§ What the exercise asks
Nothing except the pictures should be left out when you reproduce the listing exactly.

..............................

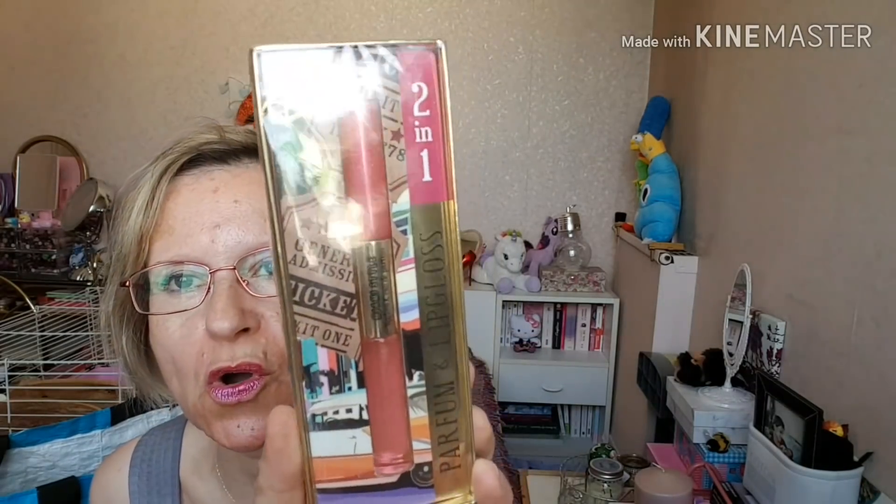Donc, je vais vous présenter ce que j'ai acheté. Alors, premièrement, j'ai craqué pour le parfum Anik Gloss, le deux en un. Là, c'est le Miami Style.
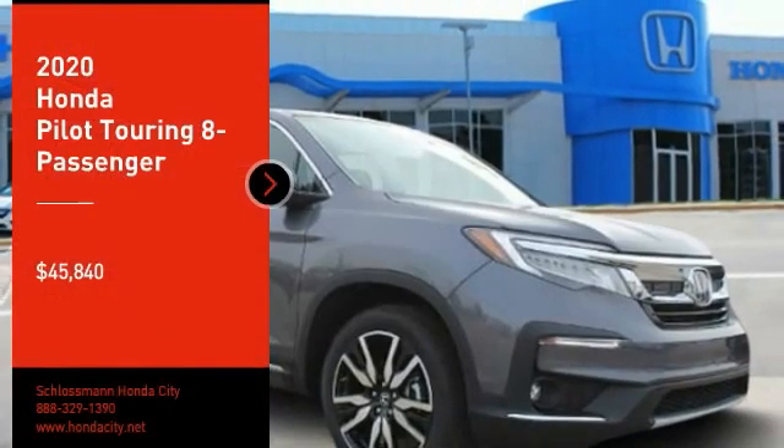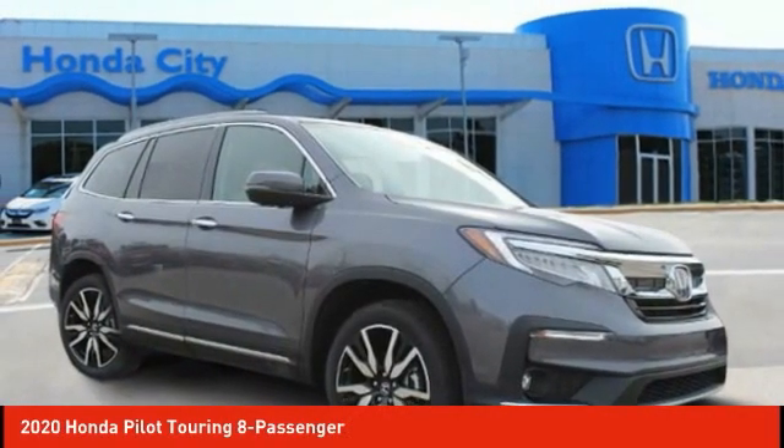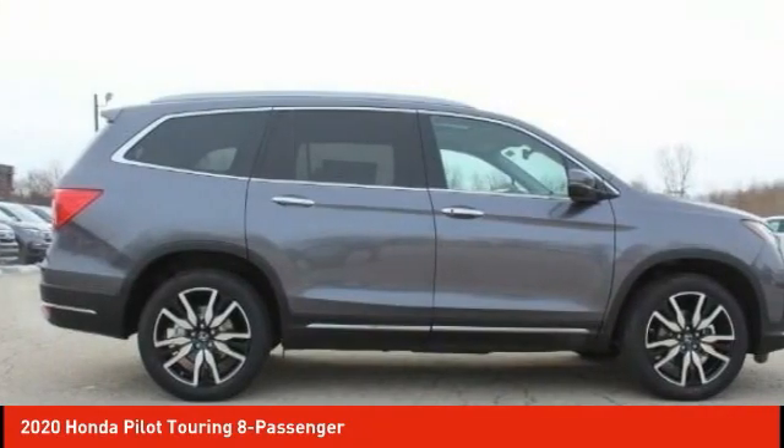Come test drive the 2020 Pilot. Optimal utility. Indulgent interior. Powerful performer.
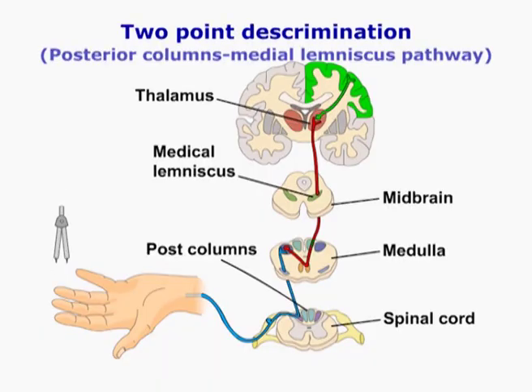Two-point discrimination, stereognosis, and graphesthesia are conveyed in the posterior columns.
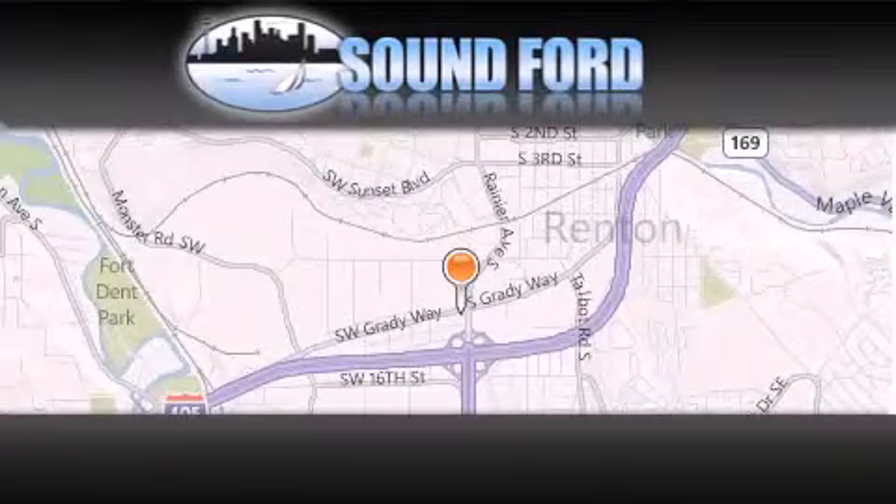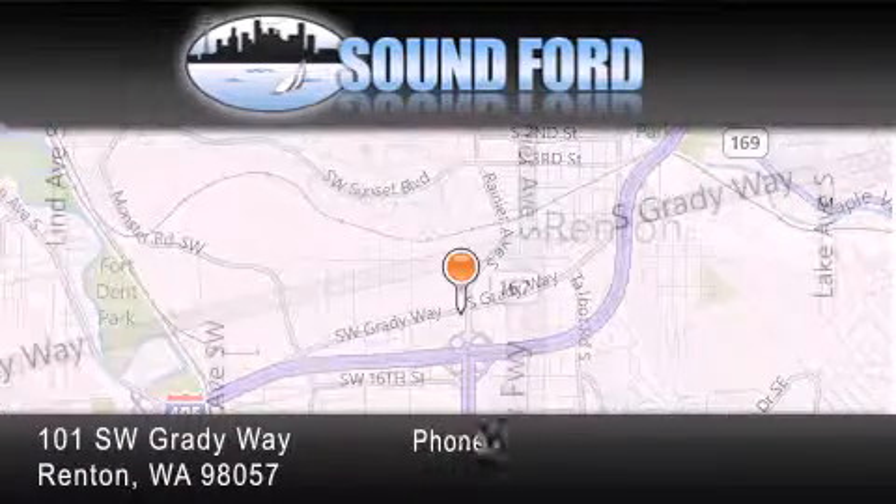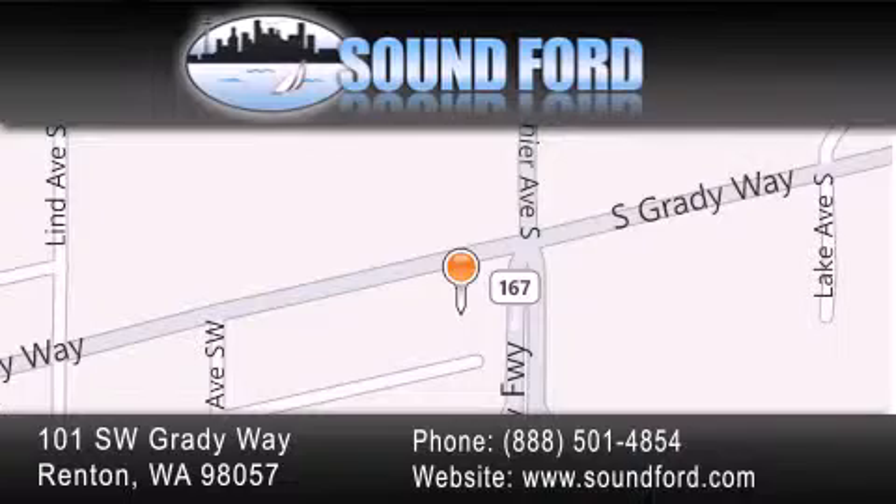Sound Ford is located at 101 Southwest Grady Way in Renton. Our goal is to exceed all of your expectations to ensure that you'll return for future visits.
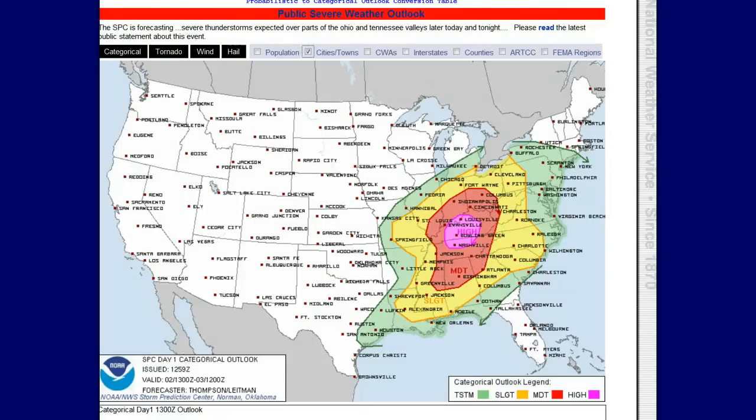Here's the Day 1 convective outlook. What I had thought might happen, they did do last night or this morning — they issued a high risk of severe weather. That's the highest risk possible on our scale, issued by the Storm Prediction Center. There are going to be some very fast-moving, long-tracked, and large tornadoes in this area. Right now the bullseye looks to be northern Tennessee into Kentucky and just around that area. Then we have the moderate risk surrounding that.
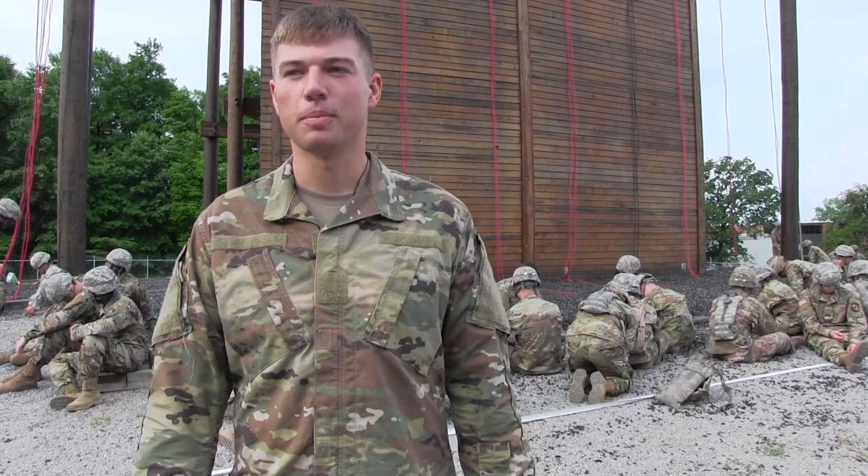I was feeling pretty confident. I had done the rappel tower a couple times before, so I kind of knew what to expect. It's very tight. Wasn't too nervous — actually jumping off, I was more really excited about it.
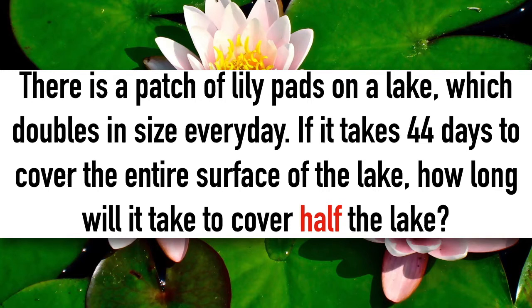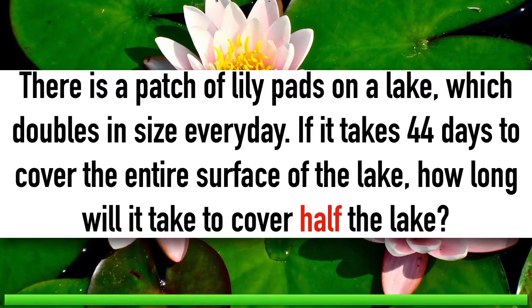There is a patch of lily pads on a lake, which doubles in size every day. If it takes 44 days to cover the entire surface of the lake, how long will it take to cover half of the lake?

..............................

§ Answer section
Donc, je vais vous présenter ce que j'ai acheté. Alors, premièrement, j'ai craqué pour le parfum Anik Gloss, le deux en un. Là, c'est le Miami Style.
Come test drive the 2020 Pilot. Optimal utility. Indulgent interior. Powerful performer.
Two-point discrimination, stereognosis, and graphesthesia are conveyed in the posterior columns.
Sound Ford is located at 101 Southwest Grady Way in Renton. Our goal is to exceed all of your expectations to ensure that you'll return for future visits.
Here's the Day 1 convective outlook. What I had thought might happen, they did do last night or this morning — they issued a high risk of severe weather. That's the highest risk possible on our scale, issued by the Storm Prediction Center. There are going to be some very fast-moving, long-tracked, and large tornadoes in this area. Right now the bullseye looks to be northern Tennessee into Kentucky and just around that area. Then we have the moderate risk surrounding that.
I was feeling pretty confident. I had done the rappel tower a couple times before, so I kind of knew what to expect. It's very tight. Wasn't too nervous — actually jumping off, I was more really excited about it.
There is a patch of lily pads on a lake, which doubles in size every day. If it takes 44 days to cover the entire surface of the lake, how long will it take to cover half of the lake?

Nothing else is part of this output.